### Exercise prompt
When the line with "Ruffled Pie Dish Blue" appears below, start repeating lines exactly, and keep going through the line with "Nolan Cassidy wyruszy"; add nothing outside that span.

### Task material
┌──

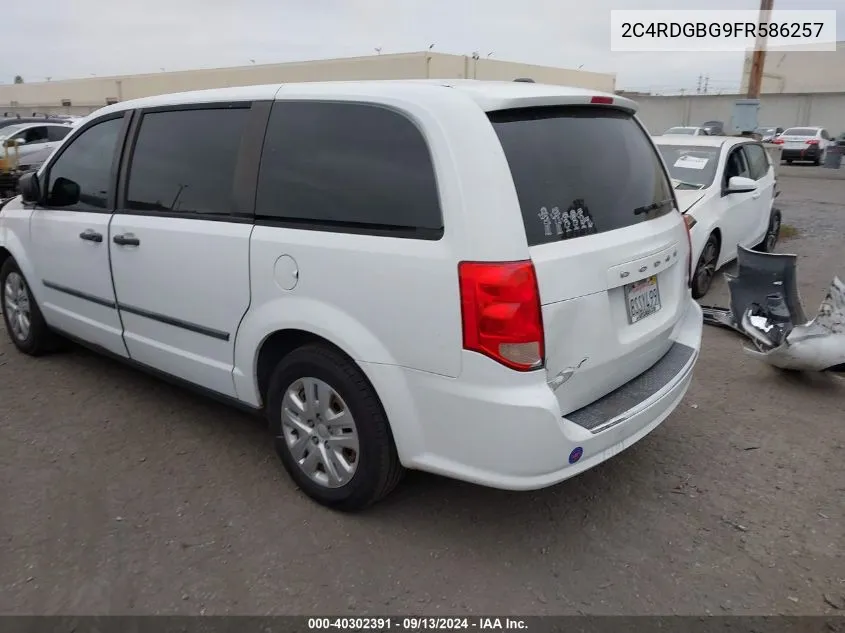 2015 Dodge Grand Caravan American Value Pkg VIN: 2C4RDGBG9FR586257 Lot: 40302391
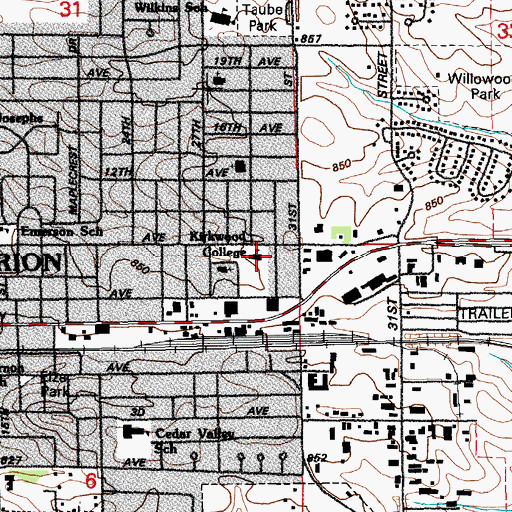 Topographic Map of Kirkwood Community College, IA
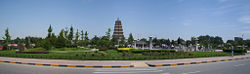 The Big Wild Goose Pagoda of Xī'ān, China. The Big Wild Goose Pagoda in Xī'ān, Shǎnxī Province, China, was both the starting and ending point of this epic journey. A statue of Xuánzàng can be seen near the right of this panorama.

└──
┌──

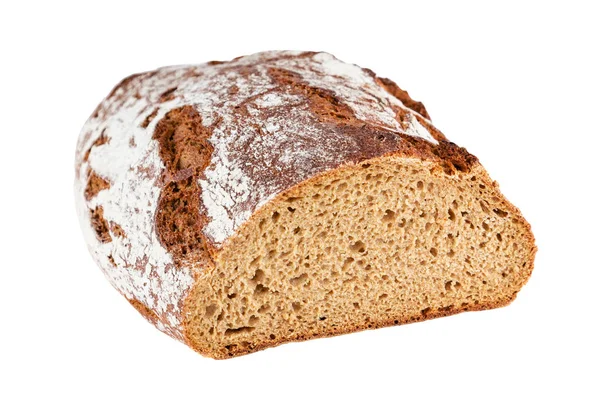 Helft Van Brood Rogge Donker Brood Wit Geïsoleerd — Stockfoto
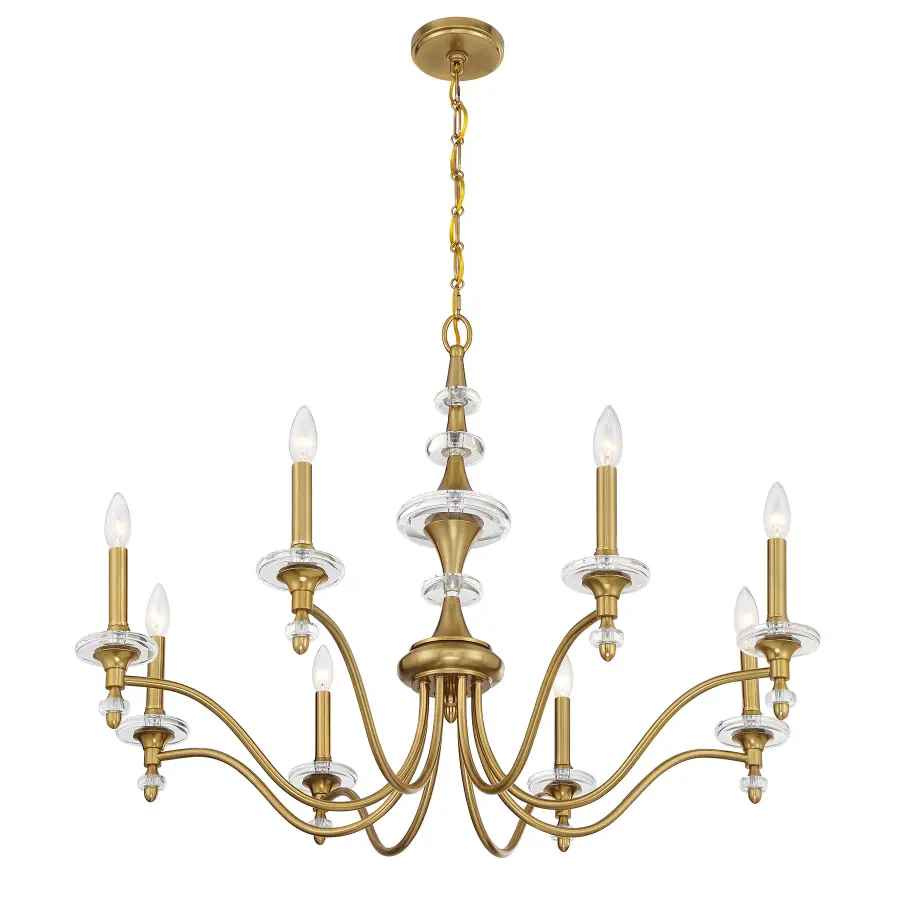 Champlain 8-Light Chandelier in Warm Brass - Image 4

└──
┌──

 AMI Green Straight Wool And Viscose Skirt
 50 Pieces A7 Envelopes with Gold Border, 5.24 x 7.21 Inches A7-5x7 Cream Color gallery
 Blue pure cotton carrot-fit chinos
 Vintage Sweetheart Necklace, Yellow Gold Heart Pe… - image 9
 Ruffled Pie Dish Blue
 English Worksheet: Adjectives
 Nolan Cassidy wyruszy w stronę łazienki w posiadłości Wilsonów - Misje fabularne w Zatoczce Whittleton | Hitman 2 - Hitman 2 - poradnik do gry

└──

### Solution to this task
 Ruffled Pie Dish Blue
 English Worksheet: Adjectives
 Nolan Cassidy wyruszy w stronę łazienki w posiadłości Wilsonów - Misje fabularne w Zatoczce Whittleton | Hitman 2 - Hitman 2 - poradnik do gry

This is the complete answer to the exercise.